Europe – Euro-zone construction and German producer prices are second tier releases that will most likely be overlooked by market participants. The main upcoming event risk for the Euro will be the PMI composite readings which will provide insights into the pace of growth in the manufacturing and service sectors. Signs of a slowdown in activity will depress yield expectations and could sink the Euro. Consumer sentiment crossing the wires at the same time could be overlooked but will have implications for domestic growth.

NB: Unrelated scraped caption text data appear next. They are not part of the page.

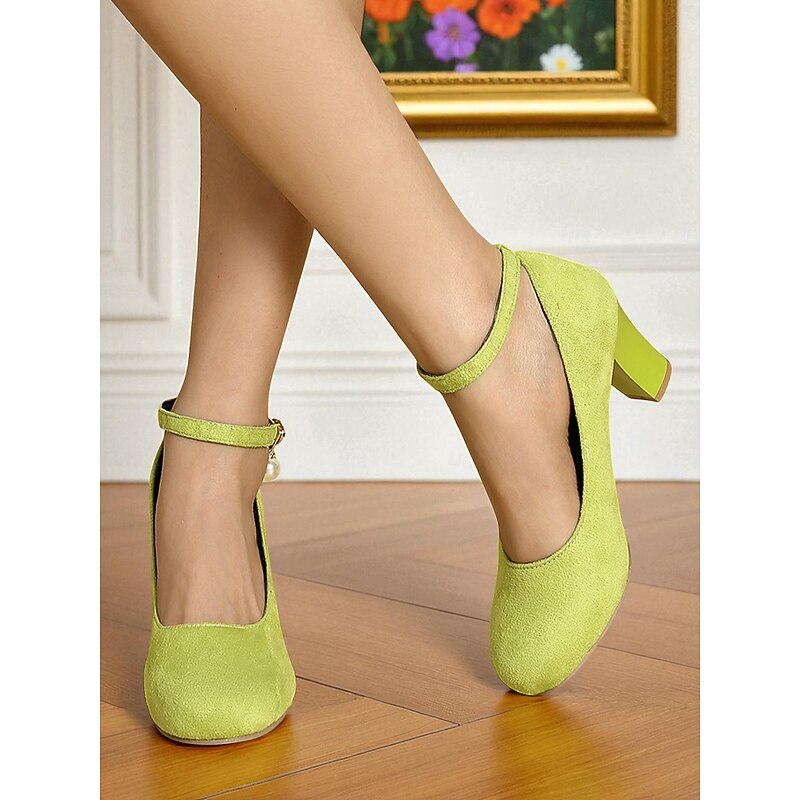 Women's Yellow Suede Block Heel Pumps with Ankle Strap and Pearl Charm - 1950s Elegant Vintage Retro Dress Shoes for Weddings, Cocktail Parties & Evening Wear2
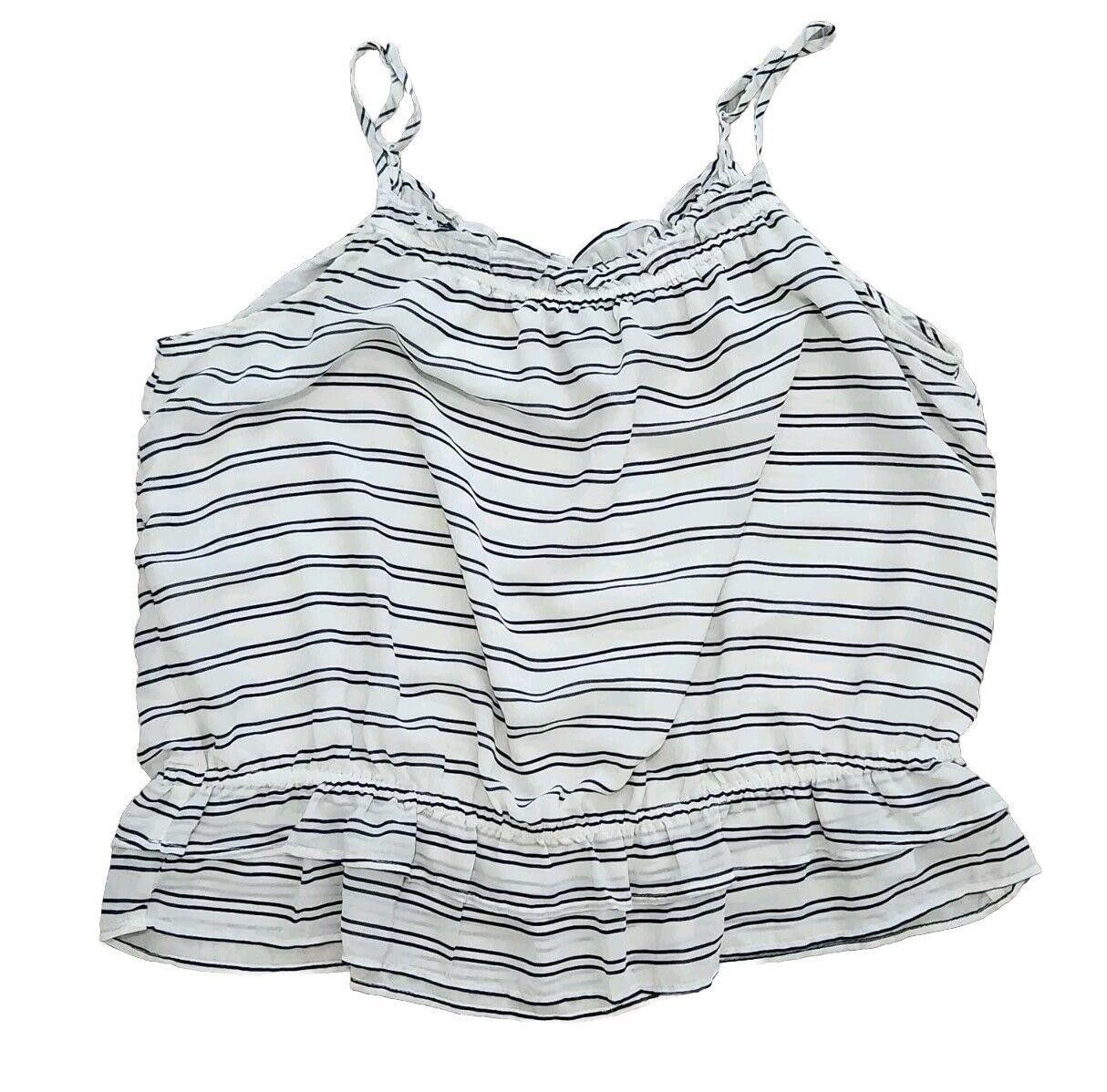 Banana Republic Banana Republic Tank Top White Black Striped Dressy Blouse Size M / US 6-8 / IT 42-44 - 1 Thumbnail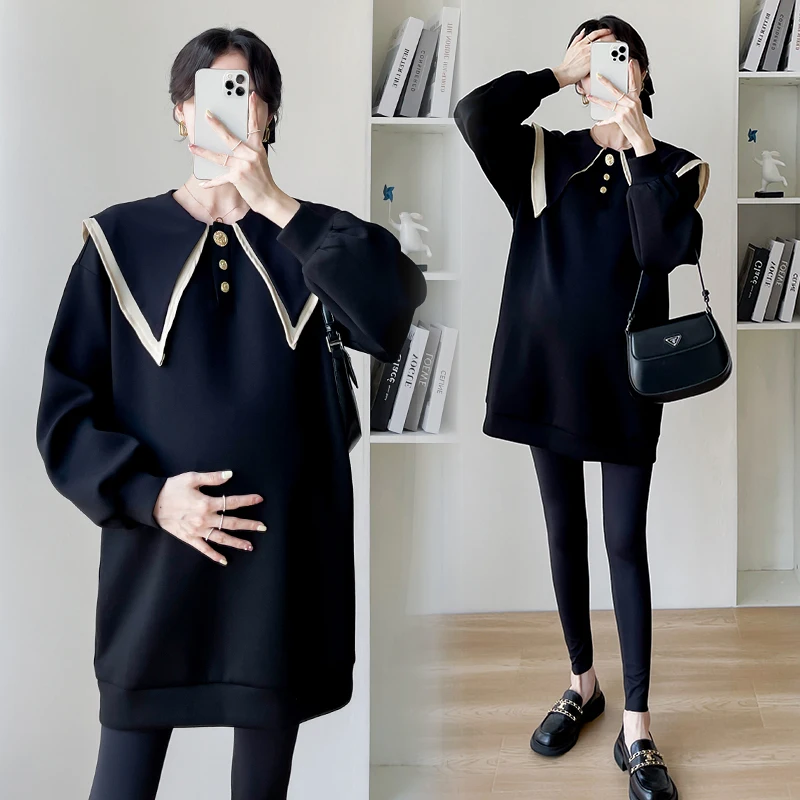 Sweet Autumn Dense Black Maternity Hoodies Oversize Loose Cape Sweatshirts Clothes for Pregnant Women Fashion Pregnancy Tops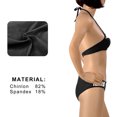 thumbnail image 5 of Fashion Women's Lace Splicing Halter Padding Tank Bikini Set, Black, 5 of 5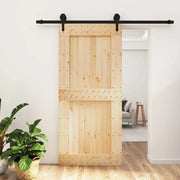 Porta scorrevole Naturale e Nero 95 x 210 cm 3445162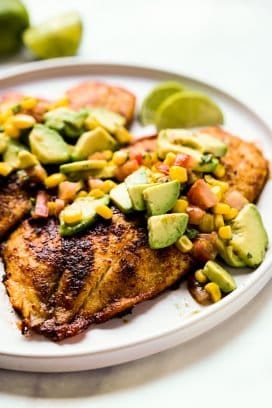 Tilapia with Avocado and Corn Salsa - Joyous Apron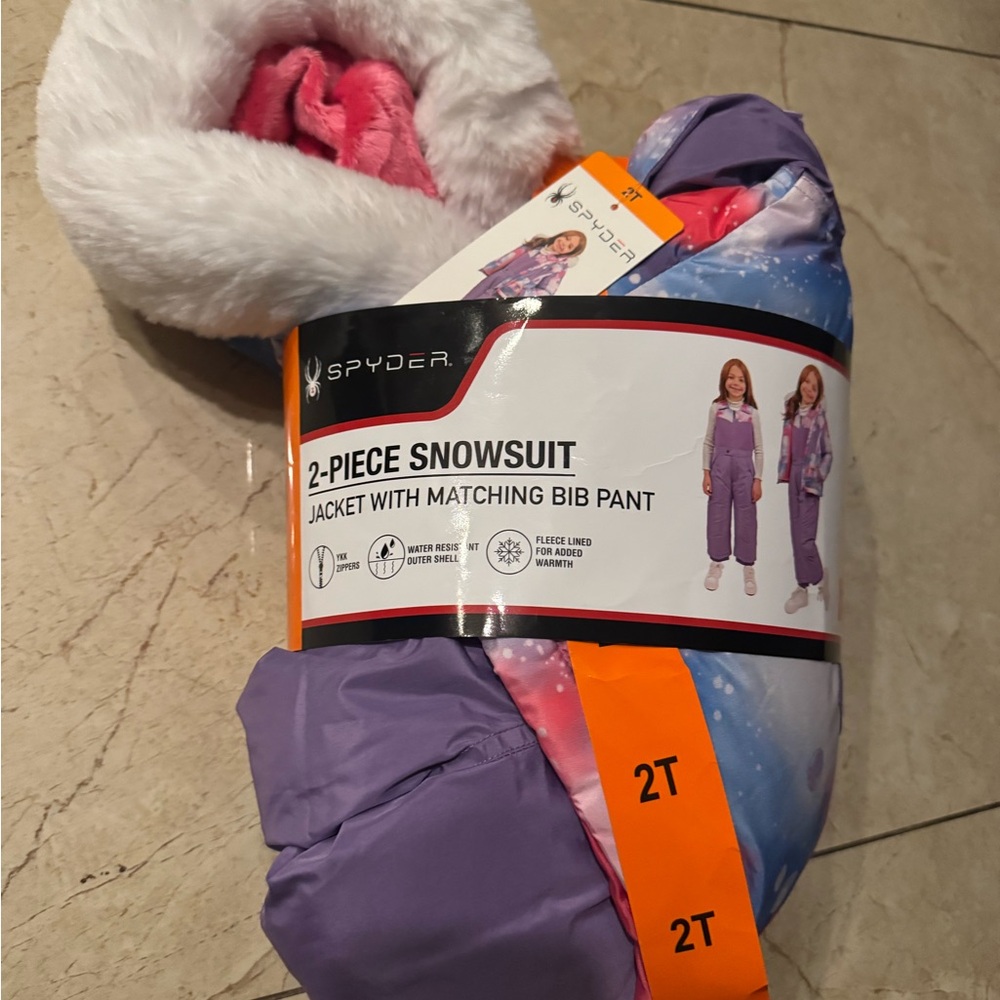 Spyder Toddler Snowsuit in Purple and Pink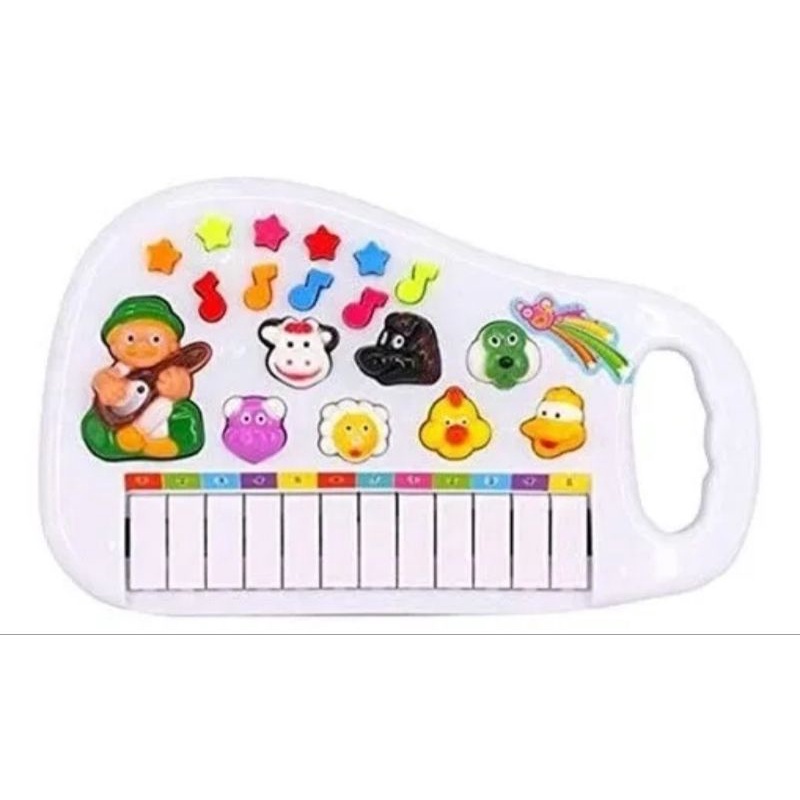 Brinquedo Piano Eletrônico, Teclado de Piano Infantil Atraente Estimulante  da Imaginação Desenho Animado Multifuncional Com Partitura Musical Educação  Infantil de 0 a 3 Anos : : Instrumentos Musicais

U.K. – The minutes from the BoE’s last policy meeting could dictate short-term direction for the pound, if they reveal a decided hawkish tone. If others take up the cause for a rate hike with Andrew Sentence, then markets will look to start pricing tightening by the end of the year. Conversely, the same rhetoric from the MOC that inflation will fall in line with target levels, could add to Cable’s current decline. The budget deficit for July will also cross the wires and signs that public borrowing is declining could also be a catalyst for bullish pound sentiment, but mounting debt will raise concerns that austerity measure may not be enough to reduce the increasing taxpayer bill and also serve to stifle growth. The pace of consumer consumption is expected to have slowed in July with retail sales growing 0.3% versus 0.7 the month prior. However, sustained domestic demand could be viewed as a positive and a sign that the recovery is on track.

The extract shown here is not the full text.